→ **TASK GOAL**
From the line that contains "Escudo del apellido Usher" through the closing line of the entries, write out each line exactly; pictures stay out.

SOURCE MATERIAL section start

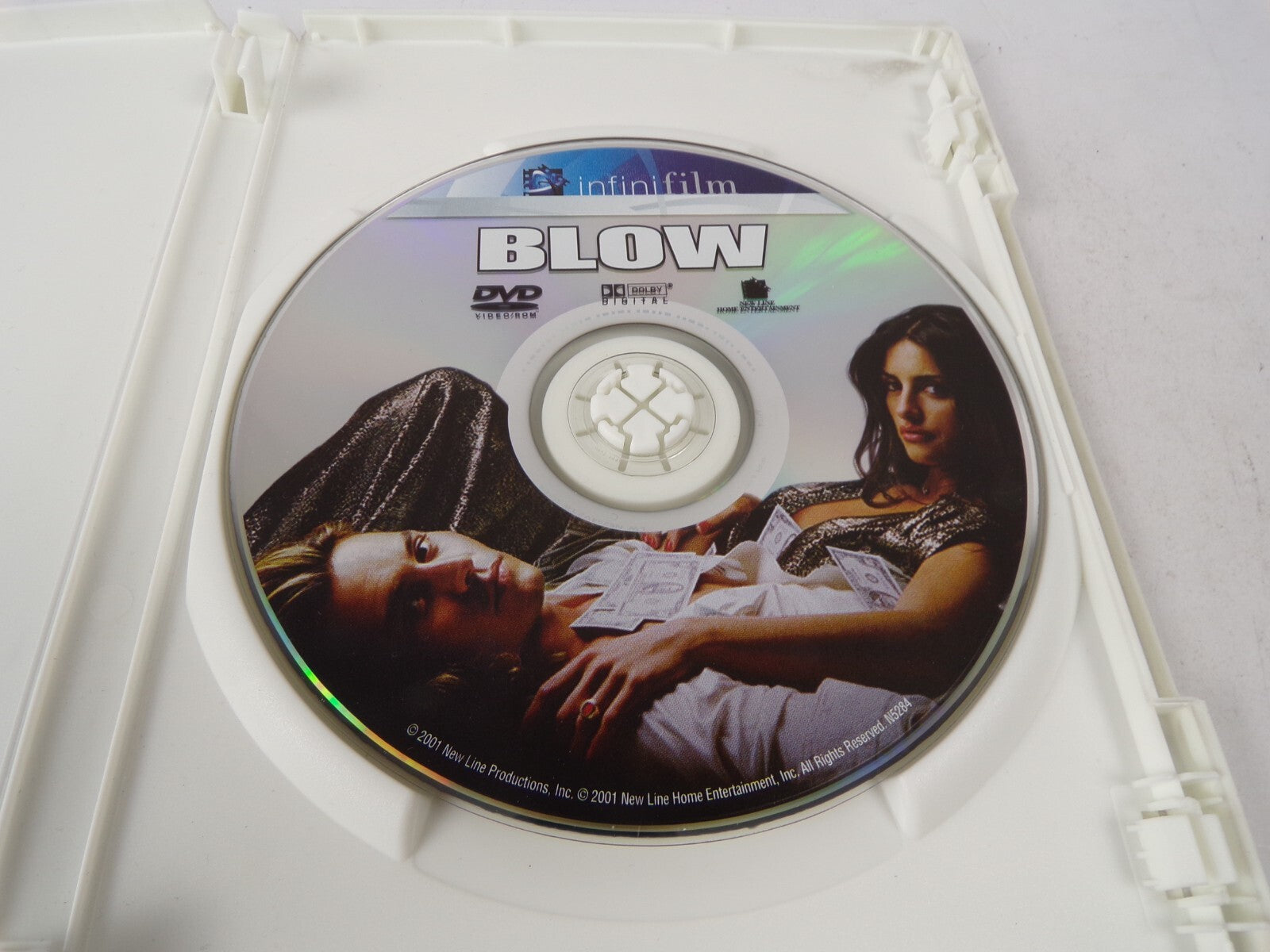 Blow Based On A True Story Infinifilm "Smart, Sexy And Dangerous" DVD Movies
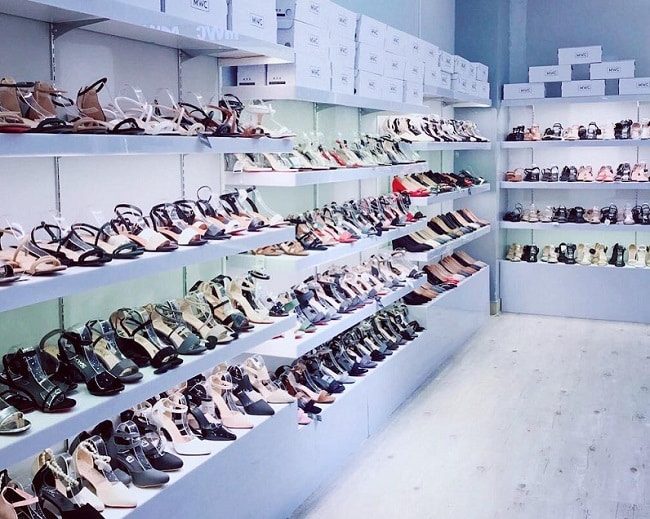 Top 8 Shop giày dép Nữ đẹp nhất ở quận 5, TPHCM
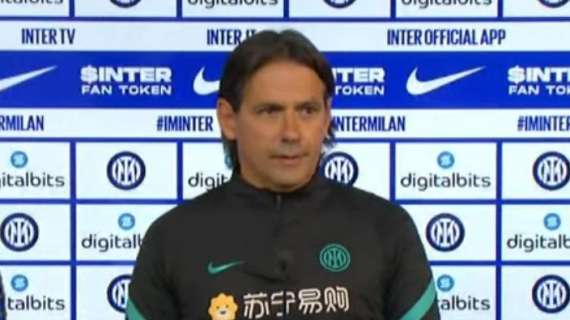 Inzaghi: "Posta alta, dovremo indirizzare gli episodi. In estate prenderemo un vice-Brozovic"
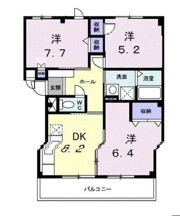ファインレジデンスKNの間取り画像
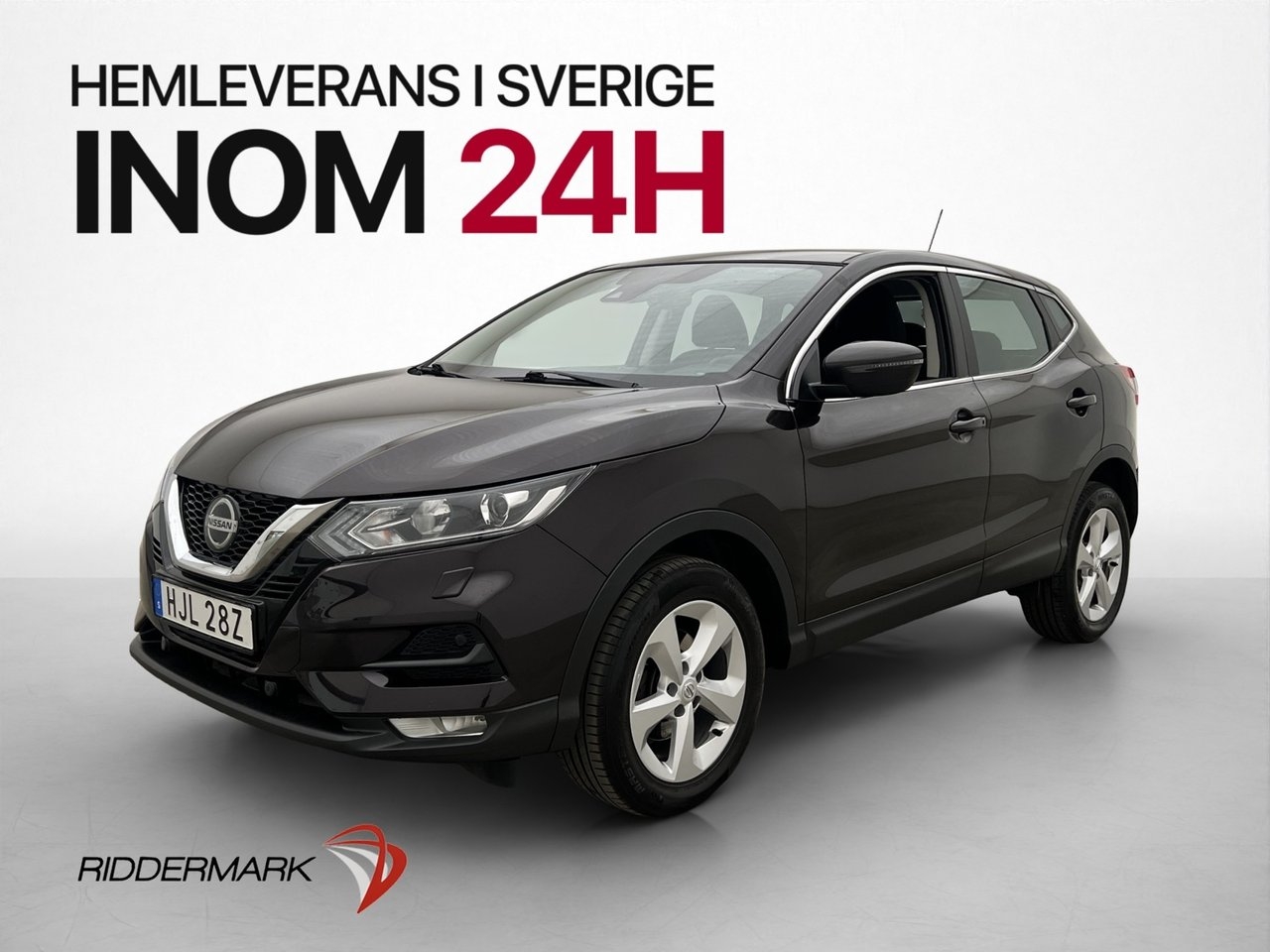 Nissan Qashqai 1.3 DIG-T 140hk Acenta 2021, bild 3/29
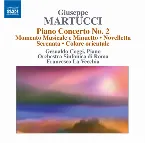 Pochette Piano Concerto no. 2 / Momento Musicale e Minuetto / Novelletta / Colore orientale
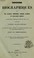 Cover of: Notices biographiques sur MM. Jacques, Théodore, Pierre, Gabriel et Jean-Louis Grenus, successivement citoyens de Genève dès 1620 à 1782, accompagnées d'anciennes anecdotes somptuaires et de matériaux inédits, relatifs aux troubles politiques de 1737 et à Jean-Jacques Rousseau, etc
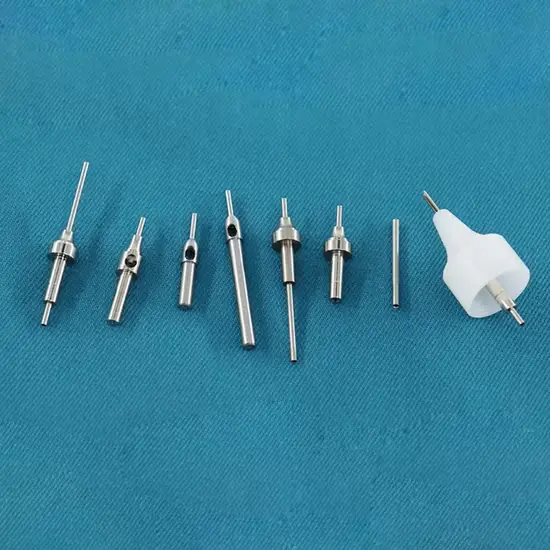 Công cụ lấy tóc chính xác cao với thiết kế từ thép không gỉ hình ảnh 1-description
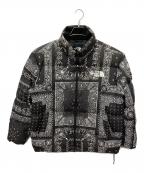 THE NORTH FACEザ ノース フェイス）の古着「NOVELTY LOFTY DOWN JACKET」｜ブラック×ホワイト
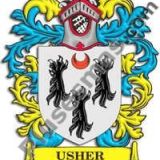 Escudo del apellido Usher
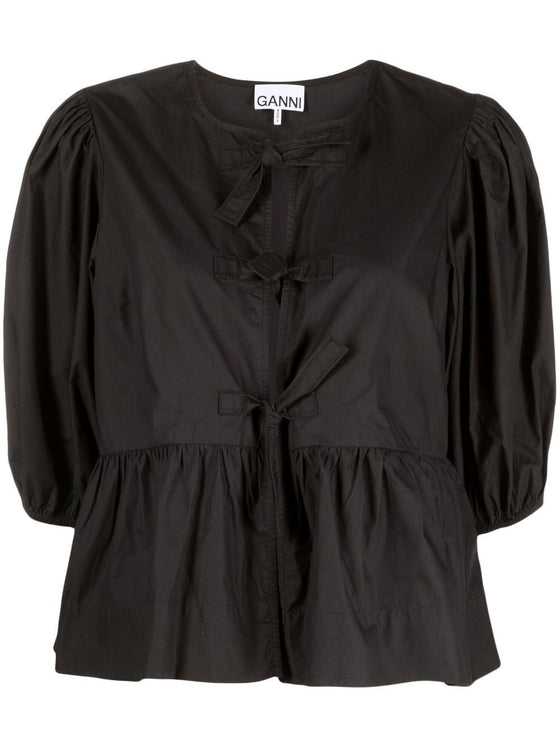 GANNI Top Black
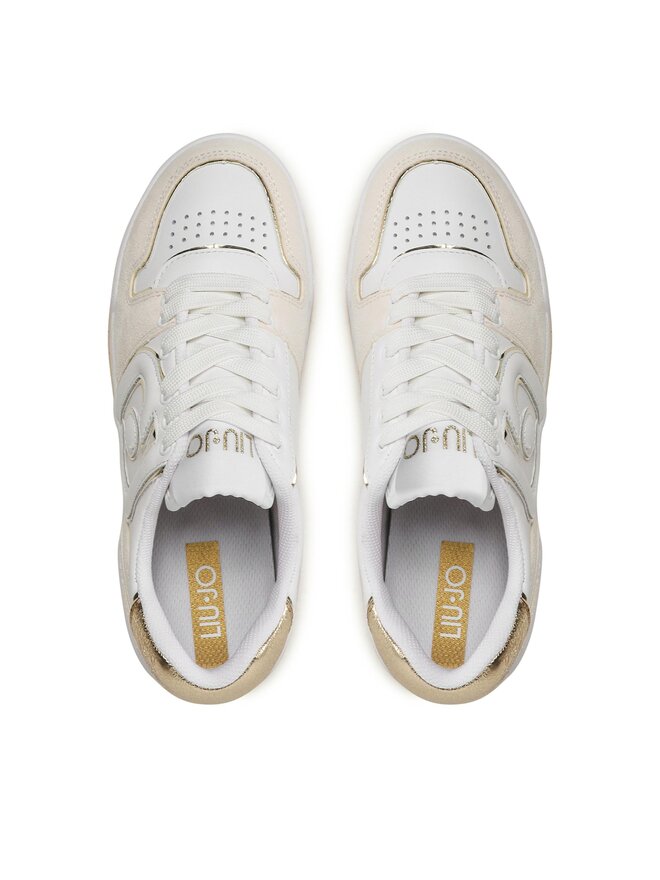 Liu Jo Sneakersy Liu Jo Gyn 21 BA3095 PX310 Bílá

SOURCE MATERIAL section end

→ **SOLUTION FOR THIS EXERCISE**
 Escudo del apellido Usher
 GANNI Top Black
 Liu Jo Sneakersy Liu Jo Gyn 21 BA3095 PX310 Bílá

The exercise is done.